Fascinating & very insightful.
So how does this compare to serviceability rates when we had the last interest rate reductions post GFC1? Is this the same or is this a different phenomenon?
If widespread, this lack of drop of serviceability would be a critical factor in people not being able to get into debt or more debt, even if they wanted to.
Do these serviceability rates apply to LVRs at around 80% or do they change if you want a 60%LVR?
As an example on servicing rates:
* Just getting into the GFC, in June 2008, Westpac's servicing rate was 10.36%. Their pro pack delivery rate was 9.37% (I think).
* GFC recovery at November 2009, Westpac's servicing rate was 7.61%. Pro pack delivery rate was 6.31%.
* Today, Westpac's servicing rate is 6.71%. Delivery rate is 5.81% for $250k+ or 5.76% for 500k+.
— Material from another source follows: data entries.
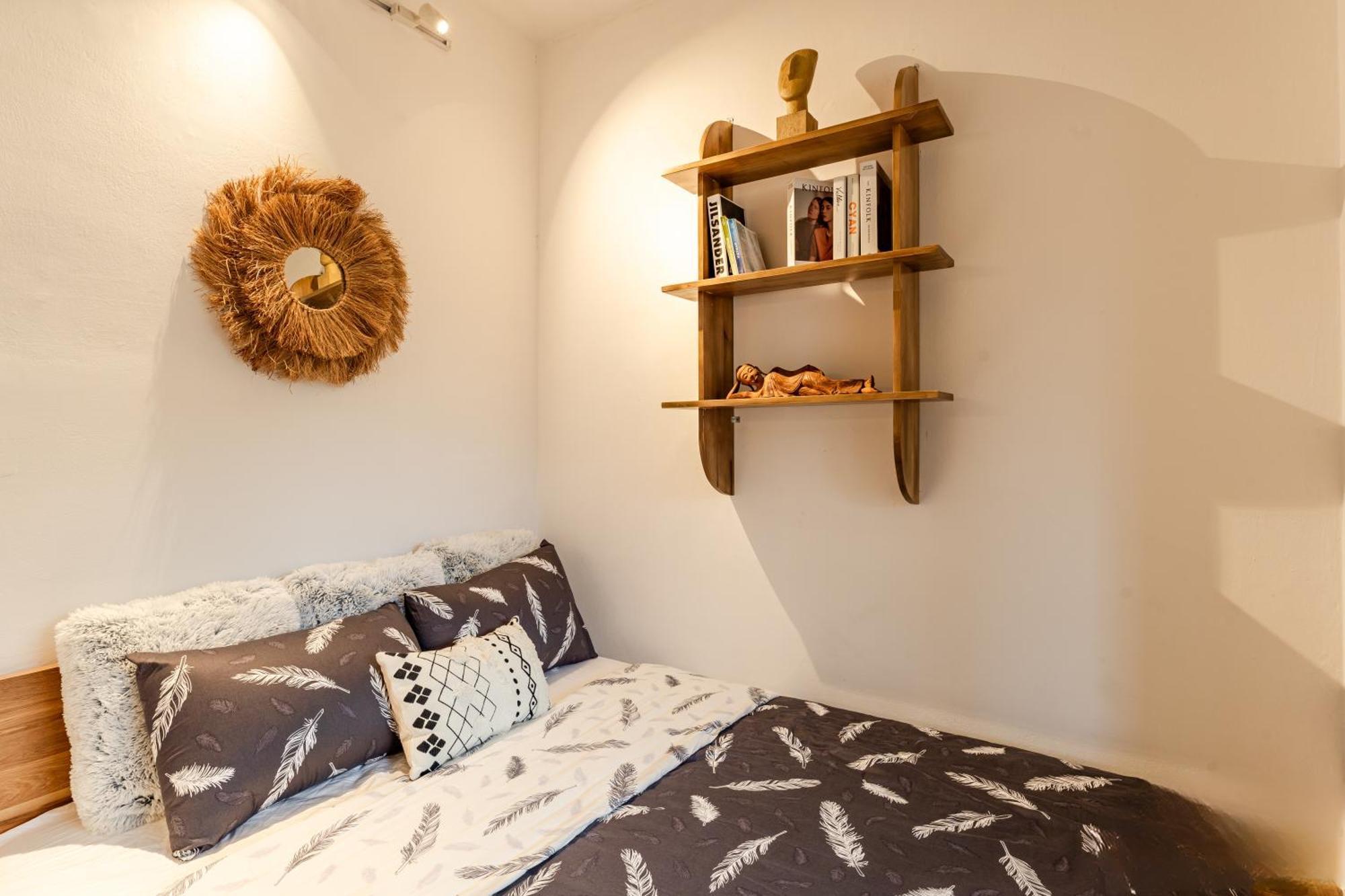 Sunny Old Quarter Near Train Street - Big Balcony, Kitchen- Self Check-in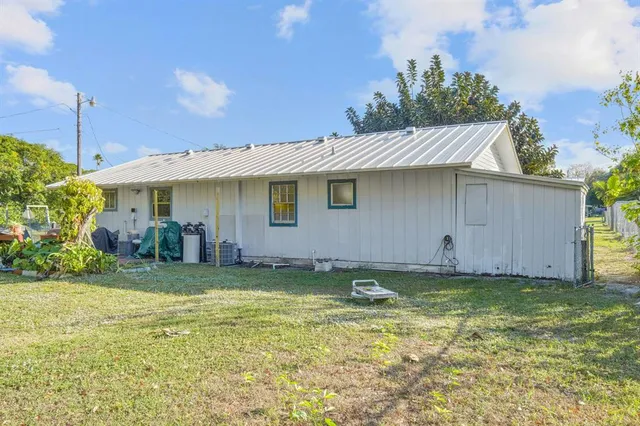 $1,500 | 3147 Naylor Terrace, Unit 3, Fort Pierce, FL 34982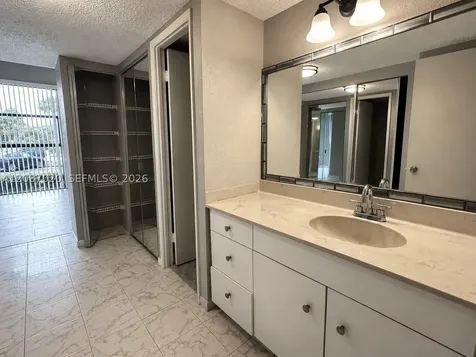 20505 E Country Club Drive Aventura FL 33180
The rates quoted above are their standard published rates at that time without any extra negotiation. My records may not be 100% accurate, but they're close.
Servicing rate doesn't change with LVR, but some lenders do change it based on the discounts their offering. Whilst important in the overall calculation, there are also other factors which can play a large role. To continue using Westpac as the example:
* Westpac's servicing rate is generally lower when compaired to other lenders.
* Westpac also apply an additional 10% margin into their calculations which also affects the outcome.
What this means is that Westpac tends to have a 'sweet spot' where they work better than many lenders. It's not at the top nor at the bottom end of an individuals borrowing capacity, but somewhere in the middle. Like every lender they also have varying policies which may make them a better or worse lender to be dealing with at any given point.